What those secrets are comes out in the prophetic oracles (chapters 2–3) and in the visions (chapters 4–22). In the oracles to the seven churches, Jesus exposes the good and the bad about each church. In the visions, Jesus exposes the truth about God as sovereign over all creation and the truth about evil and its coming end.
A Secret to the secrets?
But to many, maybe even most in our day, Revelation itself is full of secrets.
It seems only those with the “secret decoder ring” have access to the mysteries of Revelation.
That decoder ring gets passed around and used to present Revelation as a document whose secrets have been hidden for two thousand years only to be decoded now in “the last days.”
Of course, I am being very tongue-in-cheek about the “secret decoder ring.”

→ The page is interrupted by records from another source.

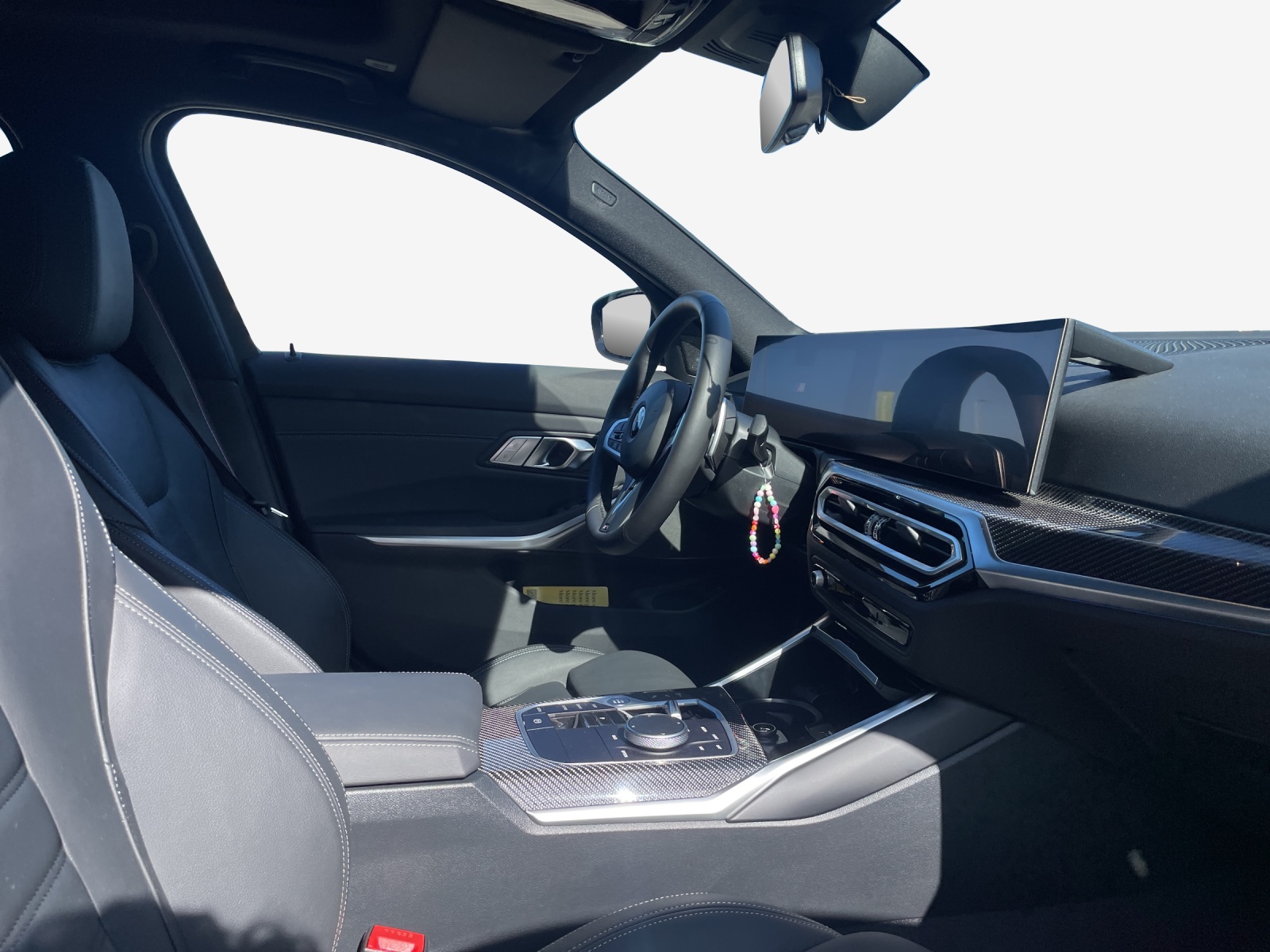BMW M340i xDrive 48V Touring Steptronic M Sport Pro-image-7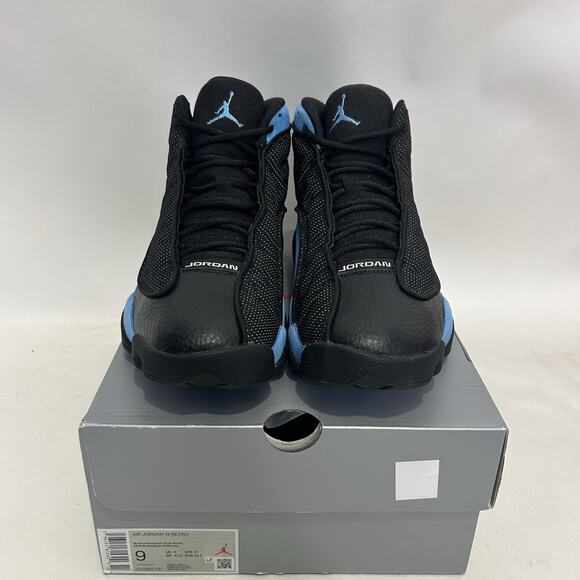 Nike Air Jordan 13 Retro OG “University Blue/UNC” main image 5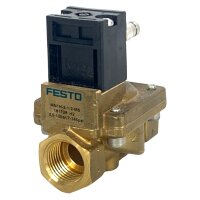 FESTO MN1H-2-1/2-MS Magnetventil 161728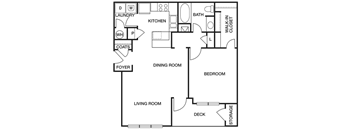 at Willowest in Vinings, Atlanta, GA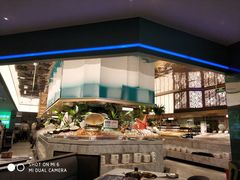 -亚马逊海鲜自助(梅溪湖步步高店)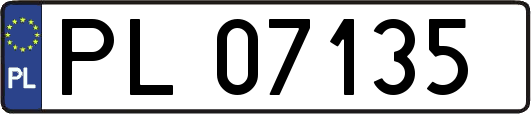 PL07135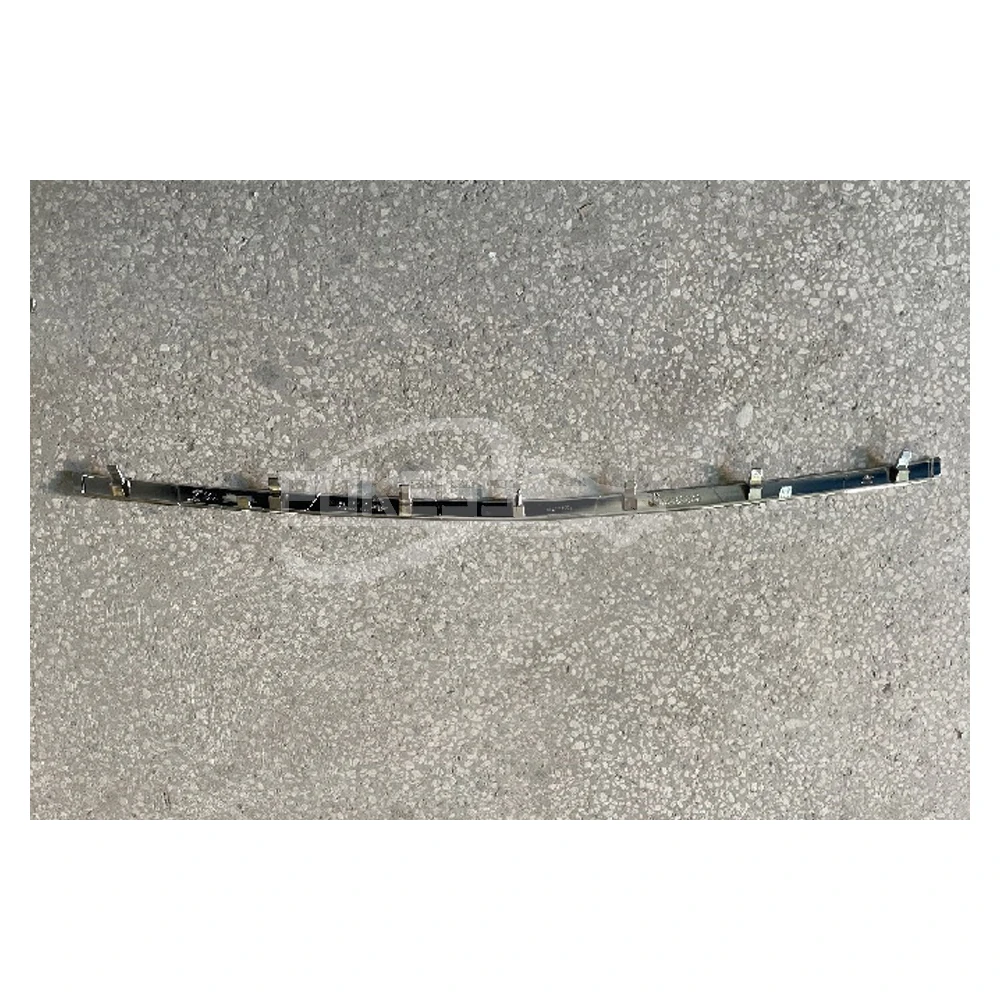 Car Auto Parts FA1Z17K945AA FA1B17K945ABSMAS Lower Grille Bright Strip... — 3
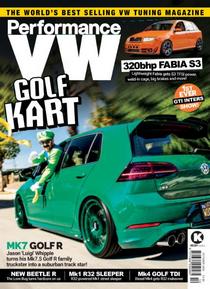Performance VW - October 2020 - Download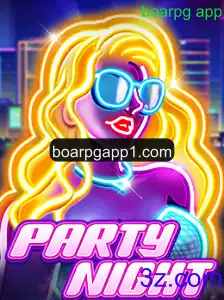 Descubra PartyNight: A Experiência Definitiva em Jogos de RPG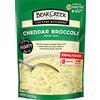 Bear Creek Miscele di zuppe, broccoli cheddar, 11 oz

The book of Revelation was never meant to be obscure—from the time it was written until now.
Perspicuity
The Reformers had a principle they relied on called the “perspicuity of scripture.”
Perspicuous means clear, lucid, understandable.
The Bible in whole and in part is understandable to those who faithfully take the effort to understand it, including Revelation.
And taking the time to understand how the Bible was written, including Revelation, helps us to comprehend that clarity.
Further, the Bible as a whole and in its individual books is fully clear only in the light of the incarnation, death, and resurrection of Jesus the Messiah—including Revelation.
The Need for Symbols
Yet because the Bible goes beyond the physical, the social, and the political to the realities of the spiritual world, plain descriptive language of things we perceive with our physical senses cannot convey those spiritual realities apart from symbolism.
Spiritual realities compel language to be employed symbolically.
Thus the Bible often uses plain language as symbolic of spiritual realities.
The Old and New Testaments saw events of the past as evocative of future realities—the past events became symbols pointing to future events or persons, who “fulfill” the symbol.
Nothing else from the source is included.